# New enclosure 8ft by 4ft x 3ft



## Chris23039 (Jun 22, 2013)

Hi all almost finished building my tank 
Here's what it looks like






Just need to get the glass for the doors then he'll be ready to start moving in


----------



## KABIKANO (Jun 22, 2013)

Thats nice!


----------



## Skeetzy (Jun 22, 2013)

Very simplistic and ideal. Love it!


----------



## Skeetzy (Jun 22, 2013)

It's split in 2 pieces right? I believe I see a seam in the middle. Very similar to my cage, and exactly how I hope mine turns out when I build it. My craigslist builder wasn't very thorough.


----------



## Chris23039 (Jun 22, 2013)

Yea I think i may have got the idea from a picture of yours. 
chriswizz helped me out with how to seal it, happy with the outcome


----------



## Skeetzy (Jun 22, 2013)

It's very handy when moving it. Idea wasn't mine; the only good idea my builder had lol. I was able to move one half in at a time through the window of my reptile room. Save the trouble of walking through the house with it. My cage is only 3' tall though. Got somewhat of narrow doorways.


----------



## Chris23039 (Jun 22, 2013)

Yea that was my plan when building it in the garage but when I came to getting it to my room it turned out my measurements were wrong so I had to take it apart and put it back together in my room so it won't be moving any where now ha


----------



## Chris23039 (Jul 5, 2013)

Got the substrate, lights and a few other bits today and this is what it looks like. 

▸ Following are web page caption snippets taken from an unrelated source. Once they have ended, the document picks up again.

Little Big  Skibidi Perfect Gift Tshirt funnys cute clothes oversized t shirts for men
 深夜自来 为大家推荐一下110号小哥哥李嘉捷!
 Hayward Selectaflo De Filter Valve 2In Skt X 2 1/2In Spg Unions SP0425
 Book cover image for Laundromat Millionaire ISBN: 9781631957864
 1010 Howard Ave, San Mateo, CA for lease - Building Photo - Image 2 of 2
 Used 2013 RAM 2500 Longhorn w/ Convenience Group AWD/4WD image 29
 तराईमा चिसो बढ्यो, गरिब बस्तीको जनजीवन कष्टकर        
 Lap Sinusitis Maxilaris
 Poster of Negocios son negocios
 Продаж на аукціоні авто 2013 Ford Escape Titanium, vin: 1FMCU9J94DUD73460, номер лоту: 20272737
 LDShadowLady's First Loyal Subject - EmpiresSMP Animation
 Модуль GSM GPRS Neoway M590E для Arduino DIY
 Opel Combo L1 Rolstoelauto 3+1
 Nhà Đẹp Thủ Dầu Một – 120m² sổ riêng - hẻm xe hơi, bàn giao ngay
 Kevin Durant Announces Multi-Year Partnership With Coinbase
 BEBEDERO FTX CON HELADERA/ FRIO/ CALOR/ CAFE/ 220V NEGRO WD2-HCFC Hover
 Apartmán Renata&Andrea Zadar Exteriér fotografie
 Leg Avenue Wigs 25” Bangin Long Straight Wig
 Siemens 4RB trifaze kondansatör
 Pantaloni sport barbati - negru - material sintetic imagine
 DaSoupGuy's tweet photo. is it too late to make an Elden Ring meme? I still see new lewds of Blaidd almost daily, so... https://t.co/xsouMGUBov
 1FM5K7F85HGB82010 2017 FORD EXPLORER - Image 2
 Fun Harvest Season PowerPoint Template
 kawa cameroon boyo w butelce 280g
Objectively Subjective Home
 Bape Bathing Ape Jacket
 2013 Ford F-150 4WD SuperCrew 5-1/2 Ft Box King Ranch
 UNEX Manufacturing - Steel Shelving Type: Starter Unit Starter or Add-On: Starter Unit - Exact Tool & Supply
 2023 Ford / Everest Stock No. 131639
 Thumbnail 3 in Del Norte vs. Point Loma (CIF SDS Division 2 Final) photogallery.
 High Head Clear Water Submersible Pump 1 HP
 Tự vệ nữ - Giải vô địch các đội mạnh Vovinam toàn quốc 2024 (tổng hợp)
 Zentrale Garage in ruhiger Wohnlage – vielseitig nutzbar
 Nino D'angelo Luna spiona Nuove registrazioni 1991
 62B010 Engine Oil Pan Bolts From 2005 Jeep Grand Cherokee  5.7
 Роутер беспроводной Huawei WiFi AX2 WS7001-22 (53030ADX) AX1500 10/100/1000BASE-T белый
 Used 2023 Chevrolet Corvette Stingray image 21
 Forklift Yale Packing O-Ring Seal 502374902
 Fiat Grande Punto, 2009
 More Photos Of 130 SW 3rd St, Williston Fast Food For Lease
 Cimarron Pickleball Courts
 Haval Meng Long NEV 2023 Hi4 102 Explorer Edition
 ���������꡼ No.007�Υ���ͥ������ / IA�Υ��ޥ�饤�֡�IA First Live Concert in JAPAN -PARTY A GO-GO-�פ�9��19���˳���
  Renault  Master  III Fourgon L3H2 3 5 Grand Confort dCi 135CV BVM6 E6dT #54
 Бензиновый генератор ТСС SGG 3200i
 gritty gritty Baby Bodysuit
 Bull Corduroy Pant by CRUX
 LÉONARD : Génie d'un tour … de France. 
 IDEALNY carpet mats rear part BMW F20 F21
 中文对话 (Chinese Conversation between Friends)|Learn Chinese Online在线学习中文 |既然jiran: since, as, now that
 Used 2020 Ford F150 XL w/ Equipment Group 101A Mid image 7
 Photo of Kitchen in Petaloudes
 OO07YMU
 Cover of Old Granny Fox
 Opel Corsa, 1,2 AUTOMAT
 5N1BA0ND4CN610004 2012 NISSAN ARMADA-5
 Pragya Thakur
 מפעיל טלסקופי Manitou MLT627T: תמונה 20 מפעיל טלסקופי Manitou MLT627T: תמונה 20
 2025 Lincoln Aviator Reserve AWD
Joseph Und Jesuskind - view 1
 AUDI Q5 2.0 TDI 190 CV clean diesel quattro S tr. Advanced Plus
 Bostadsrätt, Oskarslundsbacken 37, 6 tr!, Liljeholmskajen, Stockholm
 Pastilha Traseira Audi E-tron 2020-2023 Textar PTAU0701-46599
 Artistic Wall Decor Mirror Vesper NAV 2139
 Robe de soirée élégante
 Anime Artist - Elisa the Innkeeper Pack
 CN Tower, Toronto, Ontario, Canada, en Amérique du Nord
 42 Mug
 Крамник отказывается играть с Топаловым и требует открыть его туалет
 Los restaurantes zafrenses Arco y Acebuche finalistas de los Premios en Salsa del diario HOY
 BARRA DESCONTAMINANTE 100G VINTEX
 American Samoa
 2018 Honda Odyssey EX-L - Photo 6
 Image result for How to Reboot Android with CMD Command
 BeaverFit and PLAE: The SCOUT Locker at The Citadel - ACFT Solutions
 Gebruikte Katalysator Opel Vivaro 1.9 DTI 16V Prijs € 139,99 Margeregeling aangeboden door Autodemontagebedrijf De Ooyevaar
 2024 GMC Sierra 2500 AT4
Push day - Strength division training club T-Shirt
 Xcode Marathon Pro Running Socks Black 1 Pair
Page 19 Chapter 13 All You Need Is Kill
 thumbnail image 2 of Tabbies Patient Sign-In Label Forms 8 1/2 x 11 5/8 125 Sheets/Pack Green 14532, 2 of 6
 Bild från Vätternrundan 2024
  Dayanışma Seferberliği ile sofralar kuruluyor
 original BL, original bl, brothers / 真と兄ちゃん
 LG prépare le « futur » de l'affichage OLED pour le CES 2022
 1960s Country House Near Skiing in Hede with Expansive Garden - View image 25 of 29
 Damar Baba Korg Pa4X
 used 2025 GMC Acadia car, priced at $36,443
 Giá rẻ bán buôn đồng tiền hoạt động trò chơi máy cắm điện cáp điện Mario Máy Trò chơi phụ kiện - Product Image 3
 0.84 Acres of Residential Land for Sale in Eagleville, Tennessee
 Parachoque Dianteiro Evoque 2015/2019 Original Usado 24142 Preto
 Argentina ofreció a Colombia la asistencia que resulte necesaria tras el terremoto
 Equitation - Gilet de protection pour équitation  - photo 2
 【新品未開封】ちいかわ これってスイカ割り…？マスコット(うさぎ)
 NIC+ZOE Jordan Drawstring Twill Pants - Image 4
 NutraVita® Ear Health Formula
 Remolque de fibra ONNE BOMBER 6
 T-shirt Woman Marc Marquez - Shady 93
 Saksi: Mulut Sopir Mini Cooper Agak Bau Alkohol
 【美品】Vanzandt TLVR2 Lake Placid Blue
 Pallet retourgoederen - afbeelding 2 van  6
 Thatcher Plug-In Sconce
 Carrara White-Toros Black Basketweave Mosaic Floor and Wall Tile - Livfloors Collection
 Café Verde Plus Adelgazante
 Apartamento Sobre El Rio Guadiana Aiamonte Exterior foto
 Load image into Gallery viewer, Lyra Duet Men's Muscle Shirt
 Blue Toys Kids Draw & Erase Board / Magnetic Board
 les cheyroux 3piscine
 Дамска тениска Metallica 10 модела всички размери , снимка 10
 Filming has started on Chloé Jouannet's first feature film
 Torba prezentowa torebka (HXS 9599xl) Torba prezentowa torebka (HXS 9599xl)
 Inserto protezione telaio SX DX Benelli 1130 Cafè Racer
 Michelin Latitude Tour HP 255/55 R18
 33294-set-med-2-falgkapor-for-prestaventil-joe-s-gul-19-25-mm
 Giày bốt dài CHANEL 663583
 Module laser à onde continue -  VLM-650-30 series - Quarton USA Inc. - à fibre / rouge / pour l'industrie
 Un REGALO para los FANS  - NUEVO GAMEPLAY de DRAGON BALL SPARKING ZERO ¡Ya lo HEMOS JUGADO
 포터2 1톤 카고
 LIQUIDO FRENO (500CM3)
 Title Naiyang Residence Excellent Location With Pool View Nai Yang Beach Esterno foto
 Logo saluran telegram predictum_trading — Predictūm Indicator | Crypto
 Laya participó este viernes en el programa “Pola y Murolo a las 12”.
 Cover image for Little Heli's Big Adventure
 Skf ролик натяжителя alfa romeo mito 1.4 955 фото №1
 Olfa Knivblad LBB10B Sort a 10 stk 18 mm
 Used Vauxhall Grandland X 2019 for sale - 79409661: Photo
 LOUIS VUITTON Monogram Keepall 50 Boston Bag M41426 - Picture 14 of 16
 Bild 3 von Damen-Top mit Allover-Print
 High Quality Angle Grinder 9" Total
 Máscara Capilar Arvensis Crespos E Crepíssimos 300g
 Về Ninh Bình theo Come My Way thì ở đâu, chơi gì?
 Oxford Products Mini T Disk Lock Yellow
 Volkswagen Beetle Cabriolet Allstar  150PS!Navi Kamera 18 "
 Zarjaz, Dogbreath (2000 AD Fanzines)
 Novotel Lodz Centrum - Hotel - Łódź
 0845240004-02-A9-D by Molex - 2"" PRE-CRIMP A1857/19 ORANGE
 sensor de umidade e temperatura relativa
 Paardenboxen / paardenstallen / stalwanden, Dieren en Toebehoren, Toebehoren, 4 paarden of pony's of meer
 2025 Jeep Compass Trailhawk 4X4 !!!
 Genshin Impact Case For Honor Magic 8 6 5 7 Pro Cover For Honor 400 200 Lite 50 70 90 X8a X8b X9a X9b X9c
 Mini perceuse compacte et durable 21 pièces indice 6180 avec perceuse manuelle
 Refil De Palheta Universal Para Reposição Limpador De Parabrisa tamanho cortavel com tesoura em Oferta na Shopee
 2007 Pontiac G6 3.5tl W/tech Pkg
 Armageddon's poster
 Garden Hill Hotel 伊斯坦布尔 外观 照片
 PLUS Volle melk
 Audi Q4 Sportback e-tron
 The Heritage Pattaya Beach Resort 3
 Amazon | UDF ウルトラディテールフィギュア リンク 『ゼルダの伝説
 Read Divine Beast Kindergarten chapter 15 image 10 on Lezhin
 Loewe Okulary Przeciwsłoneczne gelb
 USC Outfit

Still got decor to go in, was just letting him have a little wonder round. 
Just gotta get the glass now then he can actually move in


----------



## Chris23039 (Jul 10, 2013)

Got the glass so he's finally in,







Not a lot in there at the moment but il add to it


----------



## KABIKANO (Aug 1, 2013)

Thats fine the way it is minus a larger basking area. You know once decor goes in he's gonna rearrange it. Maybe just more rocks and logs. Awesome enclosure man great job!


----------



## Chris23039 (Aug 1, 2013)

Thanks mate, yea he's got a bigger basking area now so he can fit on it fully


----------